** Opening Data for analysis block **

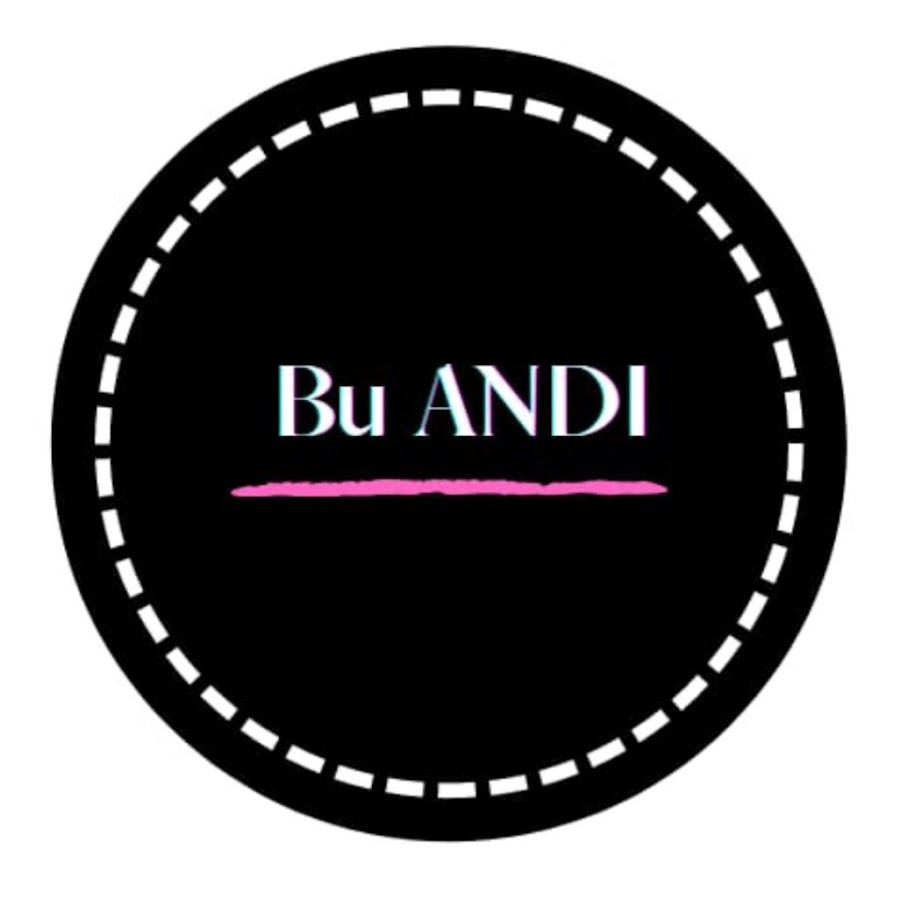 Bu ANDI - YouTube Bu ANDI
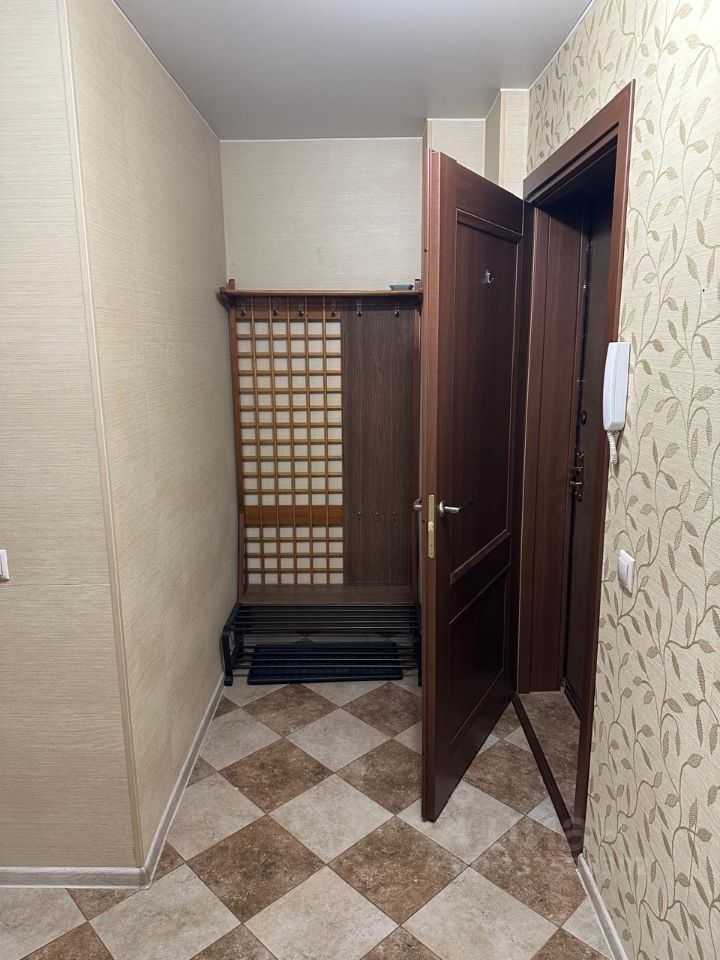 2-комнатная квартира, 47,1 м² — фотография 3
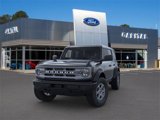New 2025 Ford Bronco Big Bend image 2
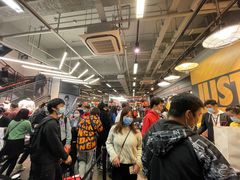 -NIKE上海青浦优选体验店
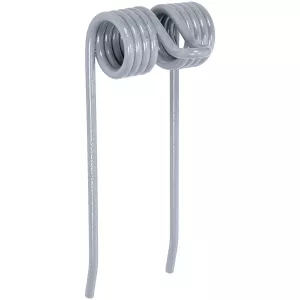 Självlastvagn Pöttinger 160X67X5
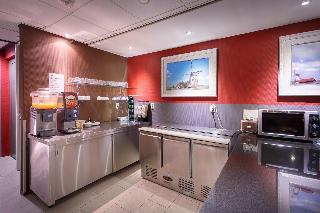 Amsterdam Downtown Hotel fotoÄŸrafÄ±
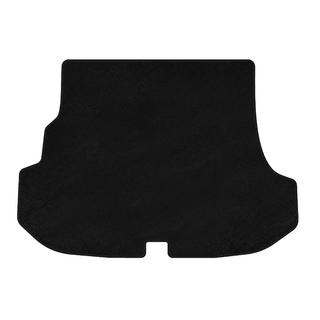 Коврик багажника текстильный Classic (2005-2008, Черный) Subaru Forester 2002-2008 гг.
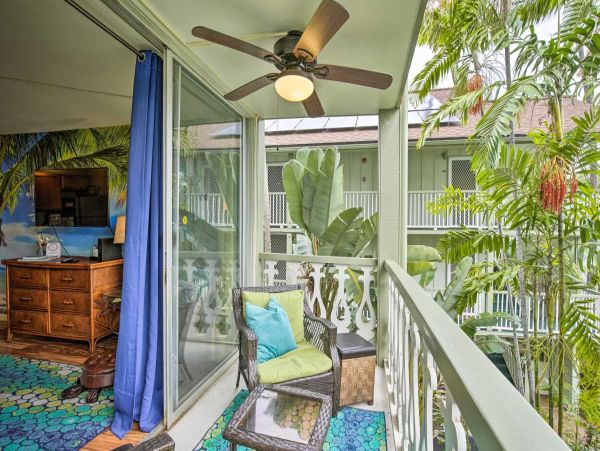 Kailua Kona Condo 990102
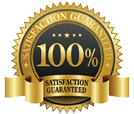 satifaction guarantee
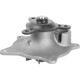 Purchase Top-Quality CARDONE INDUSTRIES - 55-33140 - New Water Pump pa9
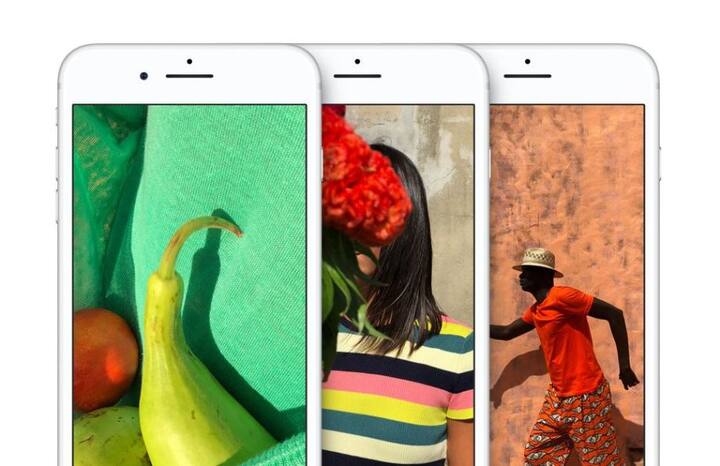इस महीने की शुरुआत में एपल ने आईफोन 8 और आईफोन 8 प्लस को दुनिया भर में लाल रंग में (प्रोडक्ट) रेड के साथ भागीदारी में लांच किया.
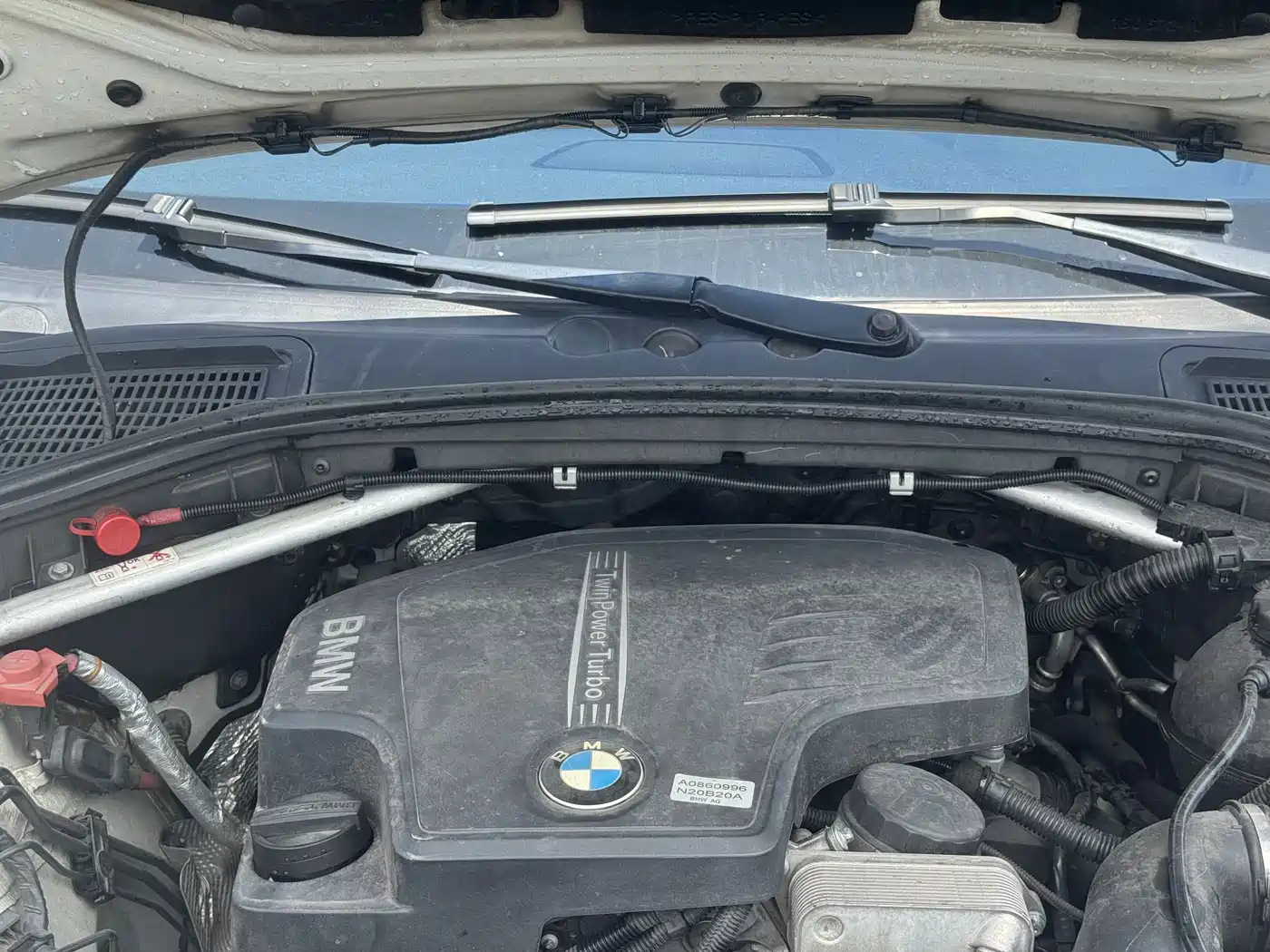 Photo 13 - BMW X4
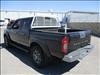 2004 Nissan Frontier 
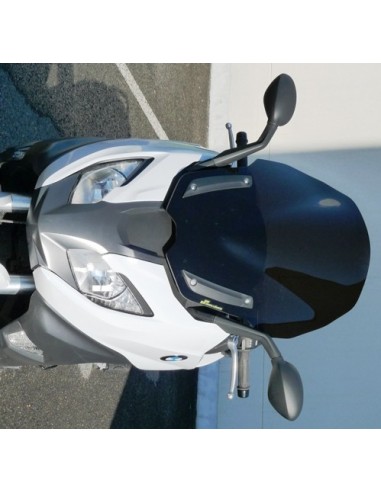 Bulle sport BMW C 650 SPORT - 2016/2020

** Closing Data for analysis block **

The entries are to be restated word for word, with pictures omitted.

§ **Response area**
 Bu ANDI - YouTube Bu ANDI
 2-комнатная квартира, 47,1 м² — фотография 3
New 2025 Ford Bronco Big Bend image 2
 -NIKE上海青浦优选体验店
 Självlastvagn Pöttinger 160X67X5
 Amsterdam Downtown Hotel fotoÄŸrafÄ±
 Коврик багажника текстильный Classic (2005-2008, Черный) Subaru Forester 2002-2008 гг.
 Kailua Kona Condo 990102
 satifaction guarantee
 Purchase Top-Quality CARDONE INDUSTRIES - 55-33140 - New Water Pump pa9
इस महीने की शुरुआत में एपल ने आईफोन 8 और आईफोन 8 प्लस को दुनिया भर में लाल रंग में (प्रोडक्ट) रेड के साथ भागीदारी में लांच किया.
 Photo 13 - BMW X4
 2004 Nissan Frontier 
 Bulle sport BMW C 650 SPORT - 2016/2020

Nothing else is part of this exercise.